# Drawing snakes



## Amanda Wight (Jun 11, 2009)

Well i was really into my art in high school and actually wanted to be an art teacher for ages, till i remember i hate kids, but i haven't really drawn since then, well i got a new set of art materials and thought i would draw one of my snakes.

So here it is, this is a pic of my 08 male royal - Griffin (remember i haven't drawn in ages)


----------



## Colosseum (Aug 8, 2008)

Nice work :2thumb:


----------



## Freakinfreak (May 13, 2009)

Ooooh i really like it! 
I envy people that can draw still life and realism... all i can draw is stuff from my head lol.

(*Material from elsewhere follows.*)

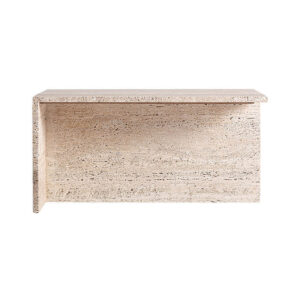 Mesa de centro Theuville de estilo art deco fabricado en travertino en color beige con acabado mate.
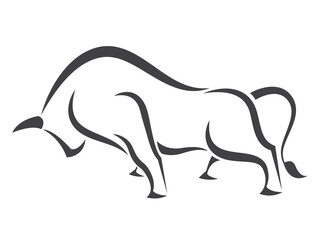 Fototapeta premium Bull design design isolated on transparent background. Wild Animals.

Keep up the good work! :flrt:


----------



## Amanda Wight (Jun 11, 2009)

See im the opposite, i have to have something in front of me to be able to draw it, i would love to be able to pick up a pencil and just draw whatever i wanted and not need something to reference it to.

Thanks guys for the nice comments 



Freakinfreak said:


> Ooooh i really like it!
> I envy people that can draw still life and realism... all i can draw is stuff from my head lol.
> 
> Keep up the good work! :flrt:


----------



## Crab Man (Oct 3, 2009)

Coooooool :2thumb:

My high school would have all 6th year students do an art project in spring. I did 4 pencil drawings of snakes. One was a diamondback rattler, and to get it to really look the part I more or less had to draw the scales individually. Took absolute ages, but I was well chuffed with the result.
That was back in '97 and that OP has just made me want to go and get the pencils out again


----------



## Dunnyc23 (Jan 12, 2010)

*drawings*

wow, pretty gd.. i do some drawing myself but i find snakes so difficult 2 capture, they always endup comin out misshapen.. :/ ne tips?


----------



## Amanda Wight (Jun 11, 2009)

Start with the eyes, then work from that, when you draw the body it will look out of shape till you put in the pattern and shading then it comes together, something i had to realise was i couldnt get a lot of the highlights because i was drawing the scales individually but im pretty happy with the effect 

Good luck :2thumb:



Dunnyc23 said:


> wow, pretty gd.. i do some drawing myself but i find snakes so difficult 2 capture, they always endup comin out misshapen.. :/ ne tips?


----------



## hedgehog738 (Oct 6, 2009)

i find snakes hard to draw, i enjoy drawring my fish and i used to do manga


----------



## xvickyx (Jul 21, 2009)

Thats a fab drawing, well done, not an easy subject to draw!  Look forward to seeing more.


----------